The Securities and Exchange Commission (“SEC”) recently implemented amendments to most fee-bearing forms and related rules with a stated goal of modernizing filing fee disclosure and enhancing the validation speed and accuracy of filing fee amounts. Most of the rule changes went into effect on January 31, 2022, and directly affect shelf registration statement filings and prospectus filings made after such date.
Prior to the implementation of the rule changes, filing fee-related information was required to be included on a prospectus filing’s cover page and/or as part of a registration statement. Under the new rules, filing-fee related information is required to be included in a separate exhibit in a table format. Revised Item 14(b) of Form SF-3 sets forth three table options depending on the type of fee being paid (e.g., new fee, previously paid fee, carry forward securities, fee offset), and each table contains information that was previously provided in a narrative format on the cover of a prospectus or in Part II of a shelf registration statement. Asset-backed securities issuers will likely look to Table 1 and/or Table 2 and, if applicable, document the carryover of securities or fee offsets tied to prior registration statements or previous filings.
Each table contains instructions on what data should be provided.
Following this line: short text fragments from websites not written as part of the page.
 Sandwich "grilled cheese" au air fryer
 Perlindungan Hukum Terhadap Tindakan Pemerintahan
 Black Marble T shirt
For example, an issuer filing a preliminary prospectus and using pay-as-you-go fees without anything to carryover from a prior shelf or registration statement will complete Table 1 and document the “Fees to be paid” as the amount of the wire that the issuer is sending to the SEC in connection with the offering. The applicable table must also include any explanatory footnotes that were previously required, such as a footnote that a prior registration statement has been terminated or completed in order to carry over fees and a footnote that payment of registration fees are being deferred to utilize pay-as-you-go under a registration statement filing.
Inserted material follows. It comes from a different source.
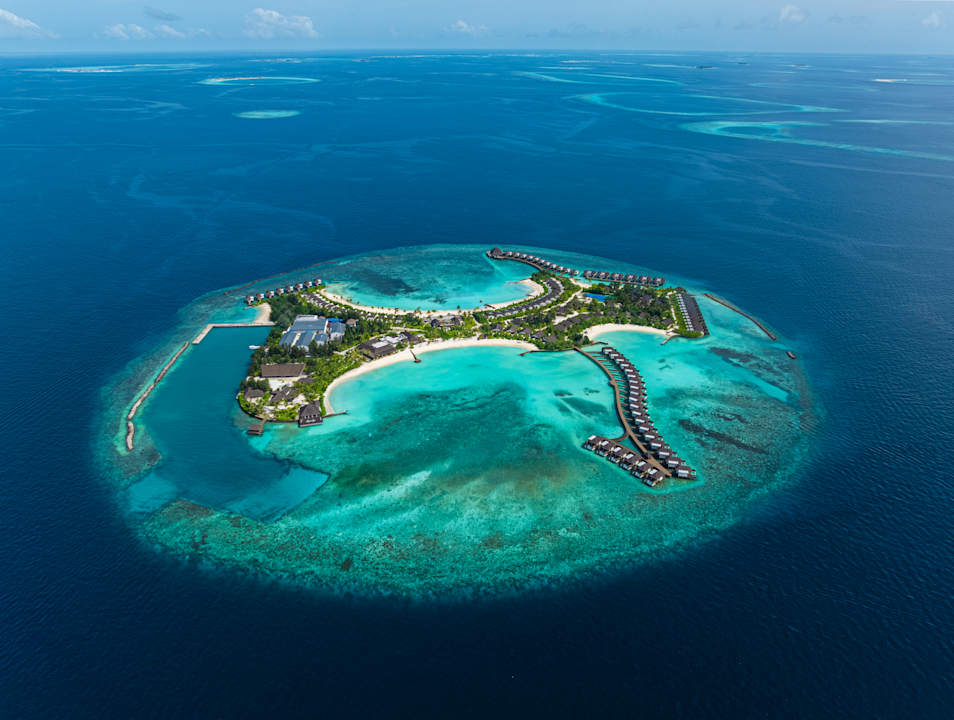 Außenansicht dusitD2 Feydhoo Maldives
In addition, prior to the new rules being implemented, filing fee calculations were only shown either in a preliminary prospectus or in a registration statement. Now, a fee exhibit is required for a final prospectus, which must include an updated maximum aggregate offering price and an indication that the prospectus is a final prospectus for the related offering. Based on the above example, the issuer would document the amount of the securities sold.
The SEC intends to use the tabular format to automate the fee validation process such that filings will be suspended if the correct supporting information is not provided in the required format. However, the SEC Release clarifies that this suspension will be phased-in a few months after issuers have had a chance to learn the new system. This validation process will also provide additional comfort to issuers that the fee calculation is confirmed.
Asset-backed issuers relying on Form SF-3 registration statements are permitted, but not required, to provide the filing fee tables using Inline eXtensible Business Reporting Language (“XBRL”). The XBRL format will be required for certain issuers over time, but the SEC has not yet extended that requirement to asset-backed issuers.